Planning a Vacation?
Remember to Keep American Agriculture Safe

Summer is fast approaching, and for many Americans, summer means vacation. If you will be traveling overseas, you need to remember a few travel tips.

These tips are not geared to improving a traveler's vacation, but to ensuring the health of American livestock.

Foot-and-mouth disease (FMD) outbreaks are ongoing around the world, but most notably in England and other parts of Europe. To prevent the spread of this highly contagious livestock disease into the United States, travelers returning from FMD-infected areas should take the following precautions.

  • Avoid farms, sale barns, stockyards, animal laboratories, packing houses, zoos, fairs or other animal facilities for five days prior to travel.
  • Before returning to the United States, launder or dry-clean all clothing and outerwear. All dirt and soil should be removed from shoes by thorough cleaning prior to wiping with a cloth dampened with a bleach solution (5 tablespoons of household bleach in 1 gallon of water). Luggage and personal items (including watches, cameras, laptops, CD players and cell phones), if soiled, should be wiped with a cloth dampened with a bleach solution.
  • Avoid contact with livestock or wildlife for five days after arrival in the United States.
  • Extra precautionary measures should be taken by people traveling from farms in infected locales to visit or work on farms in the United States. It is advisable that employers or sponsors provide arriving travelers with a clean set of clothing that can be worn after the visitor showers and shampoos thoroughly. Visitor's traveling clothes should be laundered or dry-cleaned immediately. Off-farm activities should be scheduled for the visitor's first five days in the country, and contact with livestock or wildlife should be strictly avoided.

Also, you should remember you are prohibited from carrying into the United States any agricultural products, particularly animal products that could spread the disease.

Passengers are required to identify any farm contact to Customs and USDA officials. All baggage is subject to inspection. Violations could result in penalties of up to $1,000.

When you return to the United States from an FMD-infected area, you may find yourself under more scrutiny from U.S. Department of Agriculture inspectors than you might have seen in the past. Additional USDA inspectors and dog teams have joined the regular inspection force to check incoming flights and passengers.

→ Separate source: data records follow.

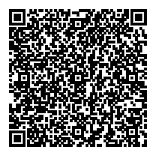 QR код гостиницы Сахил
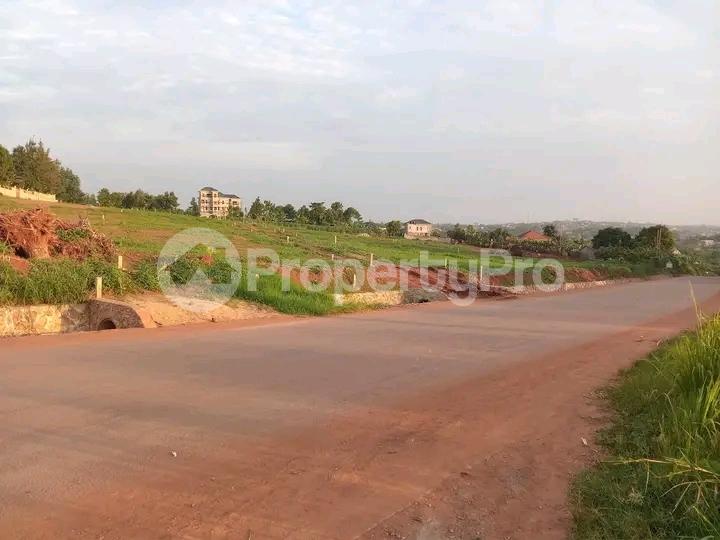 Land for sale Kira road  Kampala Central Kampala Central - 2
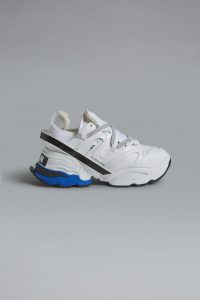 Dsquared2 sneaker (11873025QI)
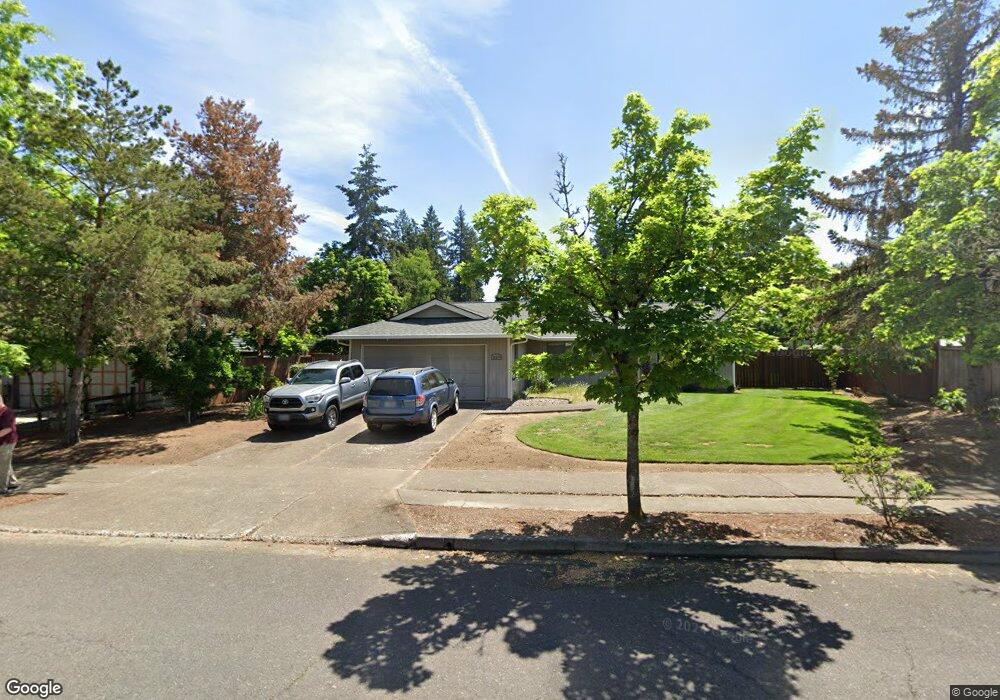 13570 SW Singletree Dr, Beaverton, OR 97008 - photo 1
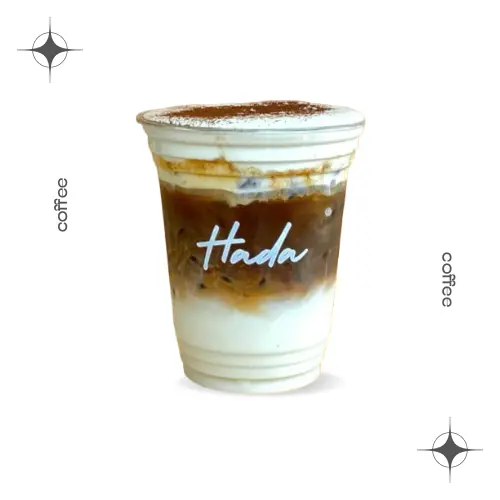 Hình ảnh Bạc Xỉu Kem Muối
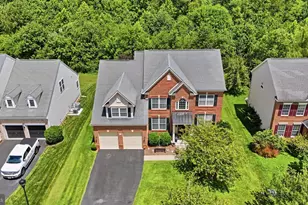 5017 Switzer Barn Lane, Frederick, MD 21703 - Photo 52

The dog teams working at a number of the nation's international airports are part of the USDA Beagle Brigade. The Beagle Brigade is a special unit of passively trained detector dogs in bright green jackets. The beagles sniff out prohibited fruit and meat in the luggage of passengers arriving from overseas.

Foot-and-mouth disease (FMD) is not considered a human health risk, but humans can carry the virus on their clothing, shoes, body (particularly the throat and nasal passages) and personal items. The disease is an extremely contagious and economically devastating disease. It spreads easily among cloven-hoofed animals such as cattle, sheep, pigs, goats and deer.

The United States has been free of FMD since 1929.